**BRIEF:**
Leaving the pictures aside, repeat each line below exactly.

**SUPPLIED DATA:**
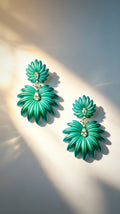 Palm & Oxalis Phyllotaxy Earrings — Geometric Metal Layering Dangle Earrings with Matte Finish & Gemstone Accents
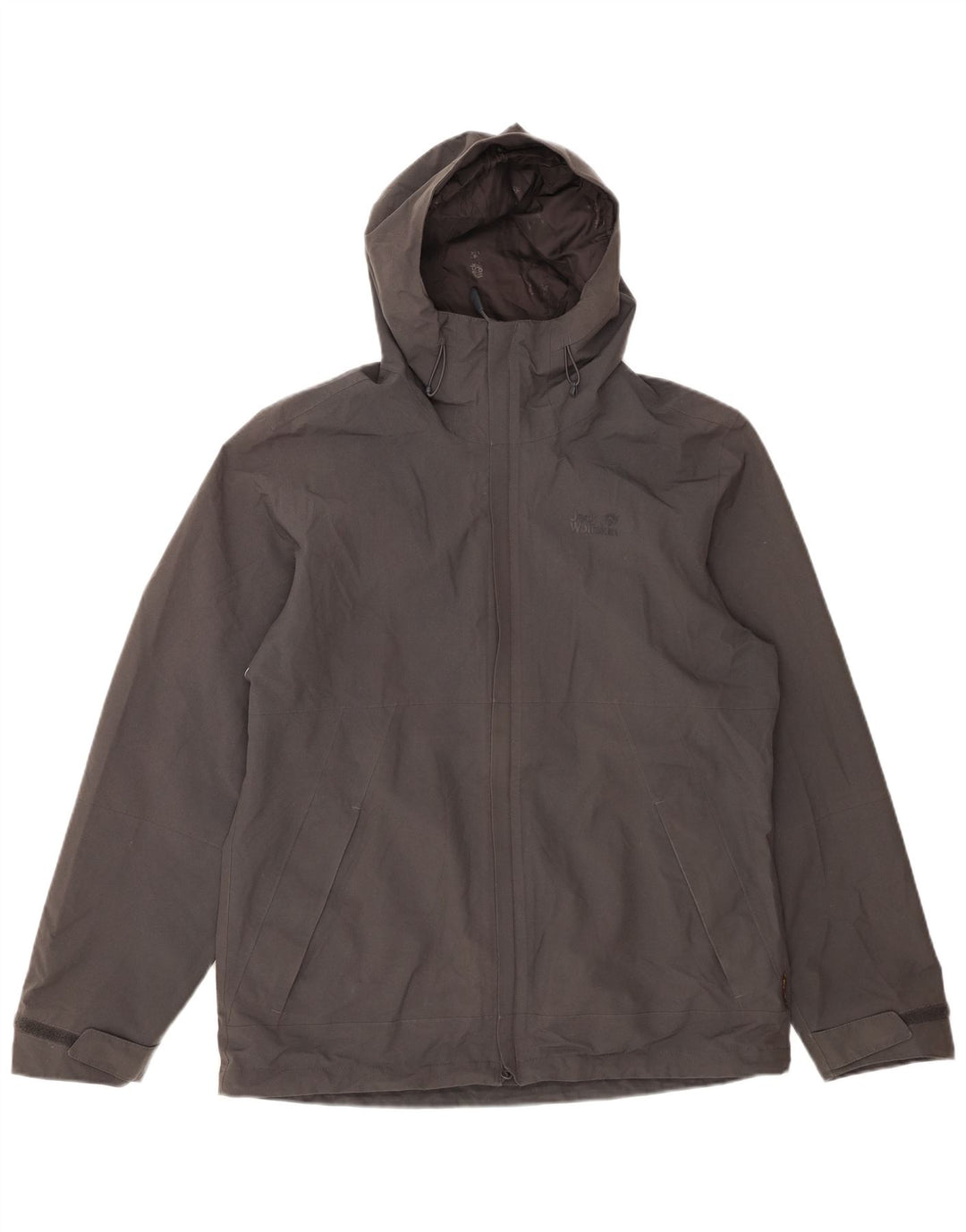 JACK WOLFSKIN Mens Hooded Windbreaker Jacket UK 40 Medium Grey Polyester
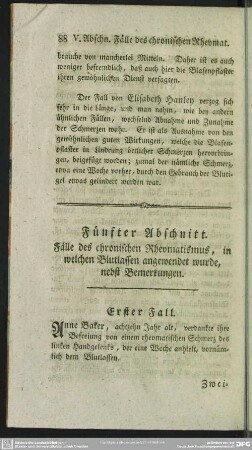 Fünfter Abschnitt. Fälle des chronischen Rheumatismus, in welchen Blutlassen angewendet wurde
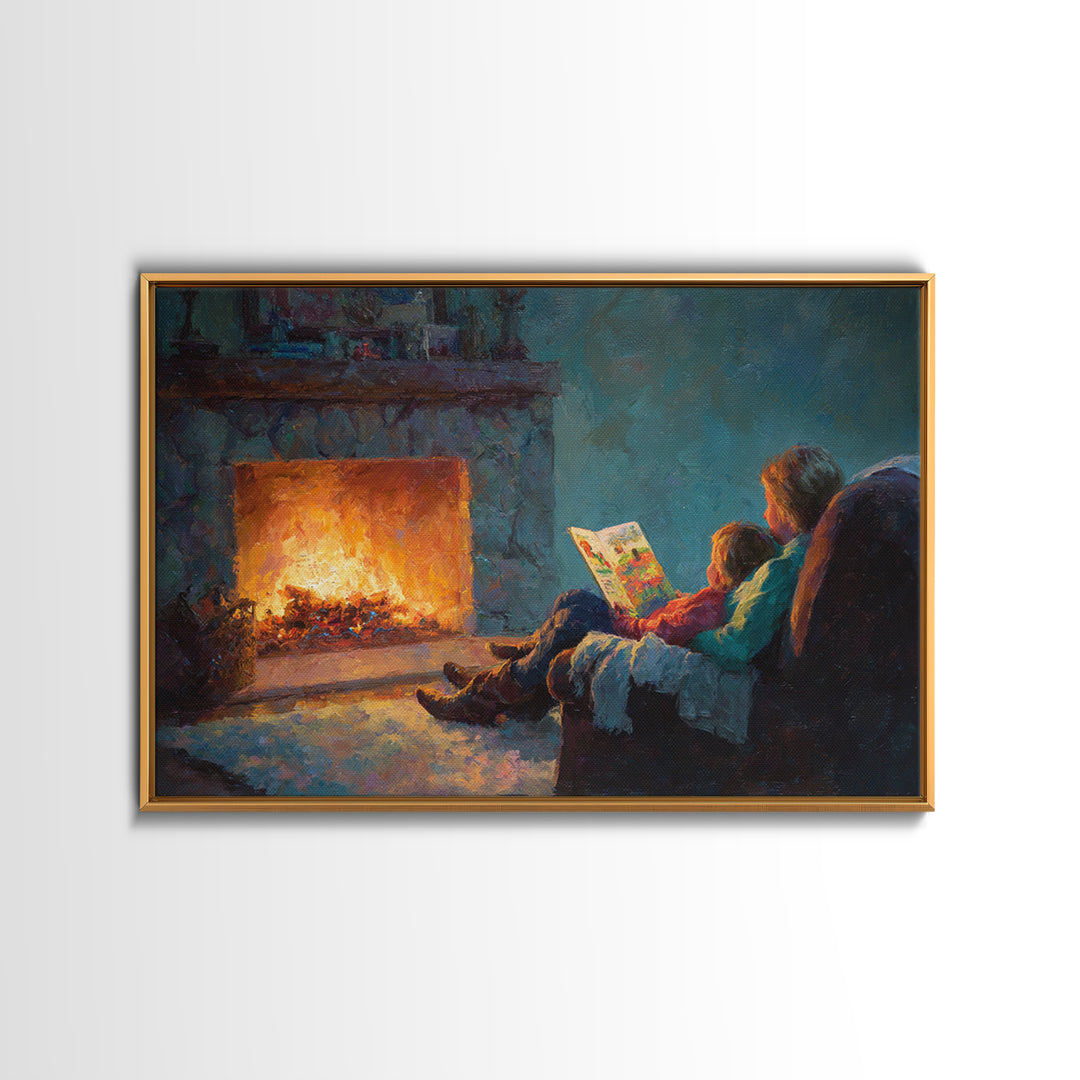 Mother And Child Storytime By Fireplace Framed Canvas Print, Cozy Living Room Wall Art, Family Reading Decor, Gift For Mom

**RESPONSE:**
 Palm & Oxalis Phyllotaxy Earrings — Geometric Metal Layering Dangle Earrings with Matte Finish & Gemstone Accents
 JACK WOLFSKIN Mens Hooded Windbreaker Jacket UK 40 Medium Grey Polyester
 Fünfter Abschnitt. Fälle des chronischen Rheumatismus, in welchen Blutlassen angewendet wurde
 Mother And Child Storytime By Fireplace Framed Canvas Print, Cozy Living Room Wall Art, Family Reading Decor, Gift For Mom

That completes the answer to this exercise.